■ Task details
Only the pictures are to be dropped; return all other data below exactly.

[Crawled caption data]
##########

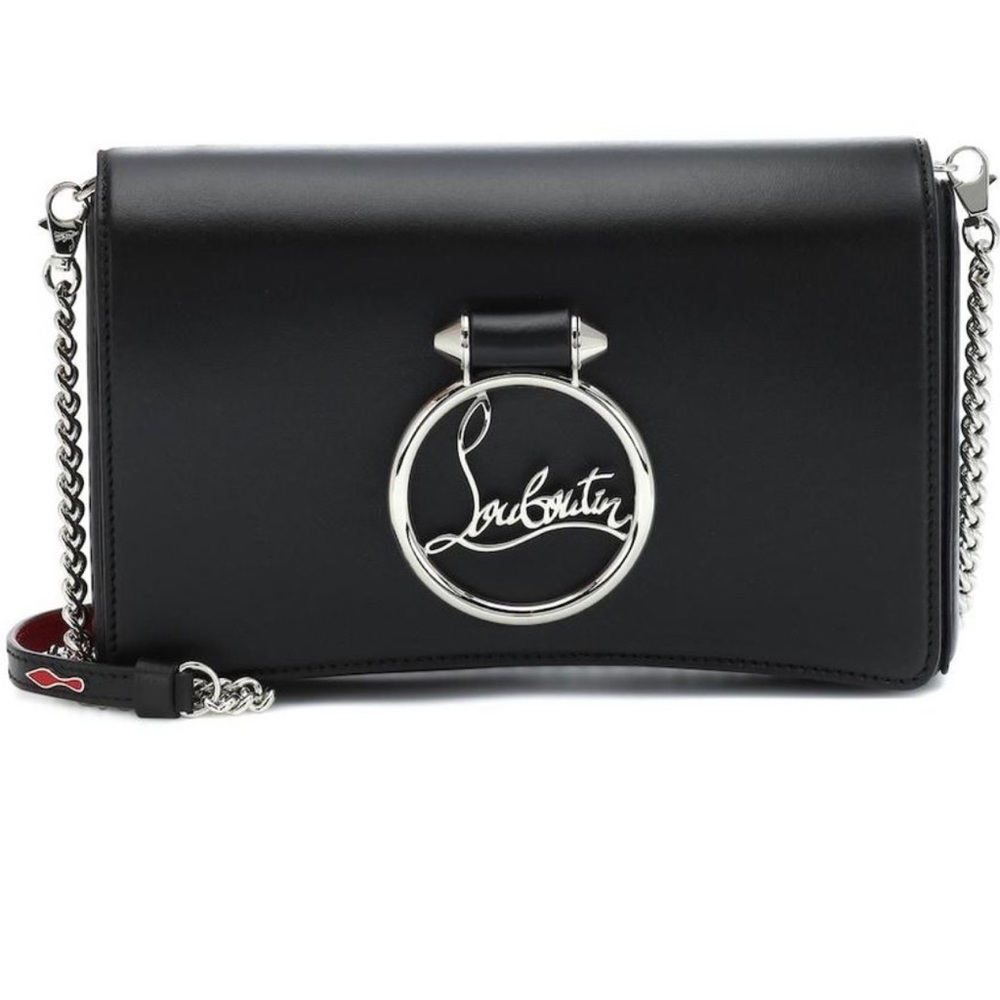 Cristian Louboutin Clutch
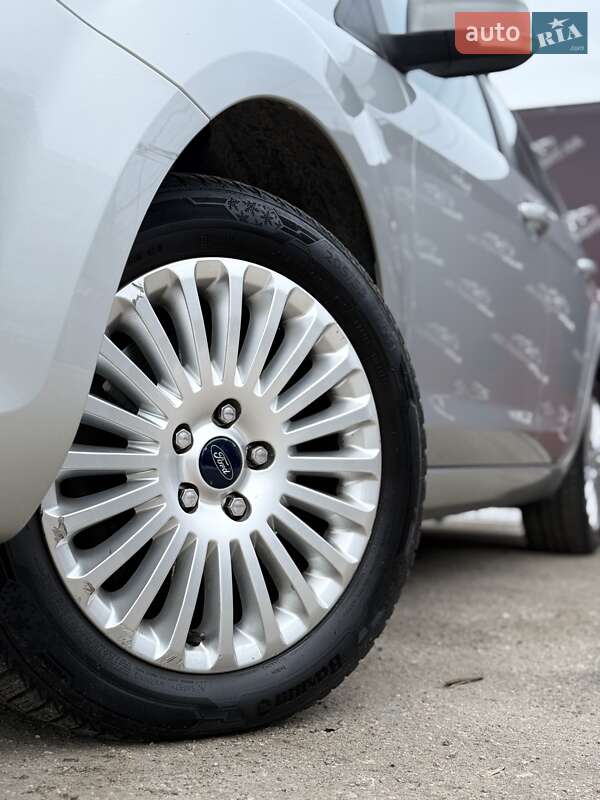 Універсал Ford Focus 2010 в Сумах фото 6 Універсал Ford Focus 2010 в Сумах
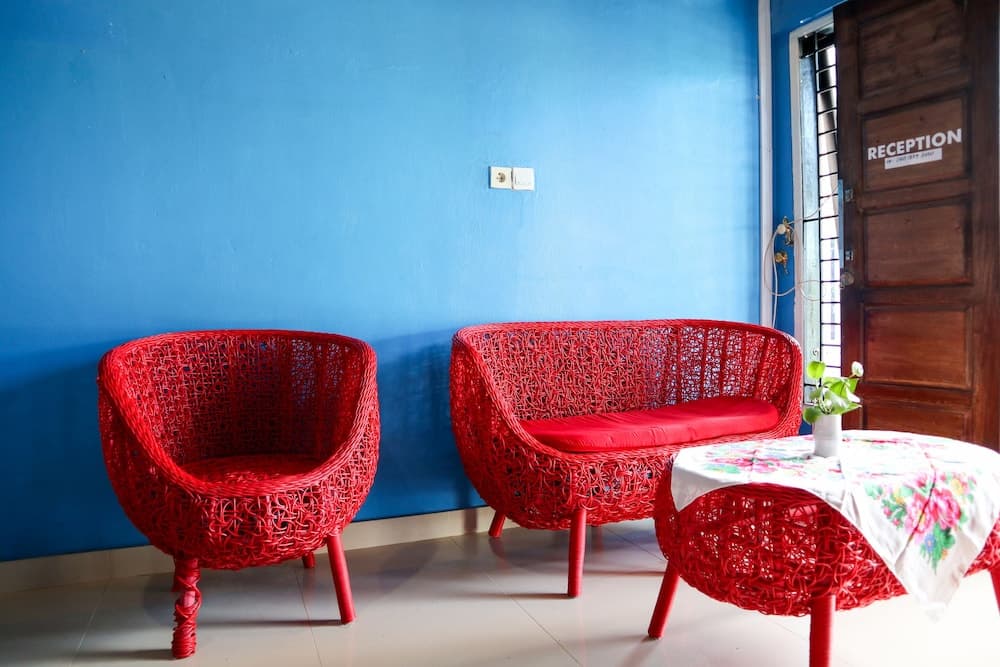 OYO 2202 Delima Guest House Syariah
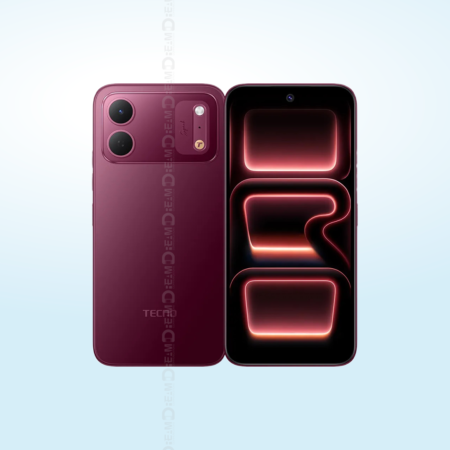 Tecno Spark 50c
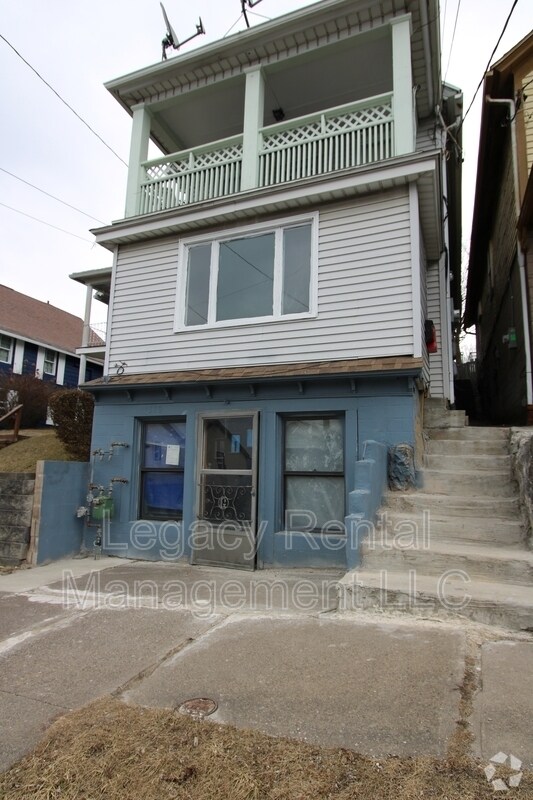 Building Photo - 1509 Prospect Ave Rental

##########

■ Solution to the exercise
 Cristian Louboutin Clutch
 Універсал Ford Focus 2010 в Сумах фото 6 Універсал Ford Focus 2010 в Сумах
 OYO 2202 Delima Guest House Syariah
 Tecno Spark 50c
 Building Photo - 1509 Prospect Ave Rental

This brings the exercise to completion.